* **TASK DESCRIPTION**
Exactly the lines from the beginning of the material to the line with "674 Route 196, Tobyhanna, PA" are to be repeated, both ends included.

* **RECORDS FOR THIS EXERCISE**
= Beginning of Section =
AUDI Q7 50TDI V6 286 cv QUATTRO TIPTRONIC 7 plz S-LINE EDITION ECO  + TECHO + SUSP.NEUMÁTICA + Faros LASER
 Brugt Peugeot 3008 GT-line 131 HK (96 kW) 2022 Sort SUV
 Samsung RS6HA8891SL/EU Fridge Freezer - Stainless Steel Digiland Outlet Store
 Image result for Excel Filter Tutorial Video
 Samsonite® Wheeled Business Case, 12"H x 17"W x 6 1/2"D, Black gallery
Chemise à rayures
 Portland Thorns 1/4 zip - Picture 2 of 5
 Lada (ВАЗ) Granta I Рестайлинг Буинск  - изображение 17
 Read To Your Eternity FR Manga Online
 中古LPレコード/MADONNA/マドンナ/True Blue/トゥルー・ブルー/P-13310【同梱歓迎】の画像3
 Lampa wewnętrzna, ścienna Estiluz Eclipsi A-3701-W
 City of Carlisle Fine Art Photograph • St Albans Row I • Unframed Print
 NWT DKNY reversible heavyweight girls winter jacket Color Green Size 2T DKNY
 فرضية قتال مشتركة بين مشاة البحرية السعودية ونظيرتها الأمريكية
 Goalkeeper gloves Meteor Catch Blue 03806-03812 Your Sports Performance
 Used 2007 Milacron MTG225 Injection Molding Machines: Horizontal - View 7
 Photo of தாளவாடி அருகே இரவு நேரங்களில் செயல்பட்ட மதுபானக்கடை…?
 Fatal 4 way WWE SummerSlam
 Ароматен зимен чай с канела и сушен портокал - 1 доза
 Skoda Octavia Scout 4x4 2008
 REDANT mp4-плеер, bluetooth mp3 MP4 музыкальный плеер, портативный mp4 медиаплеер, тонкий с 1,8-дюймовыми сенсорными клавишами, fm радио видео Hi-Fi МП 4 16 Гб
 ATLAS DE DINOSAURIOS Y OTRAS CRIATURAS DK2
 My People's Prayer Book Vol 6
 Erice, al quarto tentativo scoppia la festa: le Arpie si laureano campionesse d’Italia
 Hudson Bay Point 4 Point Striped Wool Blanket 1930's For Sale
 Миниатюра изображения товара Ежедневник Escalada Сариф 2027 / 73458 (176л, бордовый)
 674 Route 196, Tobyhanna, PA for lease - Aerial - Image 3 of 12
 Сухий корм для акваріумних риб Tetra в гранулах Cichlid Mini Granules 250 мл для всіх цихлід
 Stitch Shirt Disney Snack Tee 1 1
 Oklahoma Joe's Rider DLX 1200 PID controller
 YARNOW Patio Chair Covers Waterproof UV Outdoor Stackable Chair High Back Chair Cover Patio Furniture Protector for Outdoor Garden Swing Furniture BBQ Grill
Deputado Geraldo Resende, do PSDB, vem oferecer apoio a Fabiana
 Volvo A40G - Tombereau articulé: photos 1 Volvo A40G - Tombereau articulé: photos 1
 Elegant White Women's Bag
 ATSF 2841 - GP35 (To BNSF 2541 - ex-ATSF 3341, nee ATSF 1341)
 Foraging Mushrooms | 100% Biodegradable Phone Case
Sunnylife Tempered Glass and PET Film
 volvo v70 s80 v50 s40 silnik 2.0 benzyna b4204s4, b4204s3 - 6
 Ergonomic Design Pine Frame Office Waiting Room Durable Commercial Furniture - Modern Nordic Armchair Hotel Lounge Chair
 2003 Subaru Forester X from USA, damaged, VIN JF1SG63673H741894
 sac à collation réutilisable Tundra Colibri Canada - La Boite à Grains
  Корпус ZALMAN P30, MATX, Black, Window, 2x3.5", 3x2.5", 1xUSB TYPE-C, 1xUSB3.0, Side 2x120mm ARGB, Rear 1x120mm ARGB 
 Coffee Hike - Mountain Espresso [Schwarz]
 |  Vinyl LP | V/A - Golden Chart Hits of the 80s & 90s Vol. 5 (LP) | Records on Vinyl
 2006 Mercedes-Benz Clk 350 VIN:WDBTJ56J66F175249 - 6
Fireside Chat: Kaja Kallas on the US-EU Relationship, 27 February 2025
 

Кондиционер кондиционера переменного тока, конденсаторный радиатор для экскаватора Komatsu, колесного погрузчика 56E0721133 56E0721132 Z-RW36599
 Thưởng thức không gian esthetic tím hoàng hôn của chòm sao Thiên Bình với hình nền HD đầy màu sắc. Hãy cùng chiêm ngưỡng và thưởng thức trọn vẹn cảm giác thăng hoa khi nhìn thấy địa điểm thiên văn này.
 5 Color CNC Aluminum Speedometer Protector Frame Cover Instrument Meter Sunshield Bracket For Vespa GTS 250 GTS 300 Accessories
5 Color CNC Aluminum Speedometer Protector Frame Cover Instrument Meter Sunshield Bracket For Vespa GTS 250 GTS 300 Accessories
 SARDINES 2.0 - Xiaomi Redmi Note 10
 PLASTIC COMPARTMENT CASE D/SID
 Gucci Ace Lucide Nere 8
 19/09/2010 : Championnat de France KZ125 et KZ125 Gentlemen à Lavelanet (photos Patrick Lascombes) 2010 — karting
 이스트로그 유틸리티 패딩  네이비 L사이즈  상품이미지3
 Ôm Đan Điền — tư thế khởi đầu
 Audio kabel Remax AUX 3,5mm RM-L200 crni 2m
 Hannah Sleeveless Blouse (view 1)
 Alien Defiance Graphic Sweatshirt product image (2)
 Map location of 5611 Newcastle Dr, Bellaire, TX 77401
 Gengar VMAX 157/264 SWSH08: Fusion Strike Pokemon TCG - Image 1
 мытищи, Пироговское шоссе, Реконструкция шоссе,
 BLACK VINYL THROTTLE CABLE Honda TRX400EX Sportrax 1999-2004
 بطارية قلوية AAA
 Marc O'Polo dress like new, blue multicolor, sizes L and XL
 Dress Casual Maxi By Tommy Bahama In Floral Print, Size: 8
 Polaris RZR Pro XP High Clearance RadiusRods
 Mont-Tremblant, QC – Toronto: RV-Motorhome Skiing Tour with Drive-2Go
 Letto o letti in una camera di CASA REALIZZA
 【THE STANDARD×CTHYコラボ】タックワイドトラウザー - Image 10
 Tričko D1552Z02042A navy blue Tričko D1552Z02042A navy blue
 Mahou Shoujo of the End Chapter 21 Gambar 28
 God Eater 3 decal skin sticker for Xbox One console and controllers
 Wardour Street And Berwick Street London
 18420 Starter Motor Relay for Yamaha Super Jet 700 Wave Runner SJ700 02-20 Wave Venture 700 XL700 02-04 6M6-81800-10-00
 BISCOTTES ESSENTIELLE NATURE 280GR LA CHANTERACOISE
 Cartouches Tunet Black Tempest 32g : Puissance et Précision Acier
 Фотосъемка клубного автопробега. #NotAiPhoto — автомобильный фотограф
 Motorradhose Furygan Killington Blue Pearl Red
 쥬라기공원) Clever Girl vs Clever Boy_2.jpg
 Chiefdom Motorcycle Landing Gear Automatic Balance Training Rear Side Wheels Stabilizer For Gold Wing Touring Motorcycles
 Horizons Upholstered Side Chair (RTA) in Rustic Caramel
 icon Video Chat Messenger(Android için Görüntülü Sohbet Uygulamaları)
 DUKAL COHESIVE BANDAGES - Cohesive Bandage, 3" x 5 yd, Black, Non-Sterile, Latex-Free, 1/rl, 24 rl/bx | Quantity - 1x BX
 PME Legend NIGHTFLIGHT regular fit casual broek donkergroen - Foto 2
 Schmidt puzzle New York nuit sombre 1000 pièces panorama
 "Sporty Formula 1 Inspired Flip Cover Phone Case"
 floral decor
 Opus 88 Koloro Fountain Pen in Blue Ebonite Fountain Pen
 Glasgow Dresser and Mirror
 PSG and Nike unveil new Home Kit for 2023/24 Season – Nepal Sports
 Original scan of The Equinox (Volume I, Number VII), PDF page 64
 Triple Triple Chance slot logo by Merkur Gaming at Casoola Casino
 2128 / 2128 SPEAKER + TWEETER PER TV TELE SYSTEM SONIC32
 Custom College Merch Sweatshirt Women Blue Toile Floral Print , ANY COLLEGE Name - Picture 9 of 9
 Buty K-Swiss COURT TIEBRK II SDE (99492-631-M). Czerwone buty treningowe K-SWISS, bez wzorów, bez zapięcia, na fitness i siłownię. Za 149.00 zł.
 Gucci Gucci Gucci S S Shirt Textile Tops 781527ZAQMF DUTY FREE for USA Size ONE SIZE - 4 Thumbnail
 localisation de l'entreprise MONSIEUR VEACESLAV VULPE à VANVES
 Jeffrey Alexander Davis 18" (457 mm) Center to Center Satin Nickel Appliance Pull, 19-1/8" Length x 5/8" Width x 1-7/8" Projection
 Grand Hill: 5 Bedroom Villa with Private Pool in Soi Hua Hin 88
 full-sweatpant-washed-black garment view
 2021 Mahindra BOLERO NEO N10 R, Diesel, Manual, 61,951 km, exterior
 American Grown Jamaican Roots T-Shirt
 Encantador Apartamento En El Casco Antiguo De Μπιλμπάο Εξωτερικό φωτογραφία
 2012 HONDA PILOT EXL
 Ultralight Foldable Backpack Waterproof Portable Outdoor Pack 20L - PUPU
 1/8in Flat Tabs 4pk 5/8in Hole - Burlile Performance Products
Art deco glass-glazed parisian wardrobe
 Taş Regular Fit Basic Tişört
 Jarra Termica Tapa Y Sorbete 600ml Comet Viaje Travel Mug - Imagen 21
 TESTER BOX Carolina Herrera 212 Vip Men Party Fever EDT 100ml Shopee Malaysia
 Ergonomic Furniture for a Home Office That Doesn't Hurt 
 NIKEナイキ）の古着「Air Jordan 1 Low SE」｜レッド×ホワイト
= End of Section =
* **ANSWER TO THIS TASK**
AUDI Q7 50TDI V6 286 cv QUATTRO TIPTRONIC 7 plz S-LINE EDITION ECO  + TECHO + SUSP.NEUMÁTICA + Faros LASER
 Brugt Peugeot 3008 GT-line 131 HK (96 kW) 2022 Sort SUV
 Samsung RS6HA8891SL/EU Fridge Freezer - Stainless Steel Digiland Outlet Store
 Image result for Excel Filter Tutorial Video
 Samsonite® Wheeled Business Case, 12"H x 17"W x 6 1/2"D, Black gallery
Chemise à rayures
 Portland Thorns 1/4 zip - Picture 2 of 5
 Lada (ВАЗ) Granta I Рестайлинг Буинск  - изображение 17
 Read To Your Eternity FR Manga Online
 中古LPレコード/MADONNA/マドンナ/True Blue/トゥルー・ブルー/P-13310【同梱歓迎】の画像3
 Lampa wewnętrzna, ścienna Estiluz Eclipsi A-3701-W
 City of Carlisle Fine Art Photograph • St Albans Row I • Unframed Print
 NWT DKNY reversible heavyweight girls winter jacket Color Green Size 2T DKNY
 فرضية قتال مشتركة بين مشاة البحرية السعودية ونظيرتها الأمريكية
 Goalkeeper gloves Meteor Catch Blue 03806-03812 Your Sports Performance
 Used 2007 Milacron MTG225 Injection Molding Machines: Horizontal - View 7
 Photo of தாளவாடி அருகே இரவு நேரங்களில் செயல்பட்ட மதுபானக்கடை…?
 Fatal 4 way WWE SummerSlam
 Ароматен зимен чай с канела и сушен портокал - 1 доза
 Skoda Octavia Scout 4x4 2008
 REDANT mp4-плеер, bluetooth mp3 MP4 музыкальный плеер, портативный mp4 медиаплеер, тонкий с 1,8-дюймовыми сенсорными клавишами, fm радио видео Hi-Fi МП 4 16 Гб
 ATLAS DE DINOSAURIOS Y OTRAS CRIATURAS DK2
 My People's Prayer Book Vol 6
 Erice, al quarto tentativo scoppia la festa: le Arpie si laureano campionesse d’Italia
 Hudson Bay Point 4 Point Striped Wool Blanket 1930's For Sale
 Миниатюра изображения товара Ежедневник Escalada Сариф 2027 / 73458 (176л, бордовый)
 674 Route 196, Tobyhanna, PA for lease - Aerial - Image 3 of 12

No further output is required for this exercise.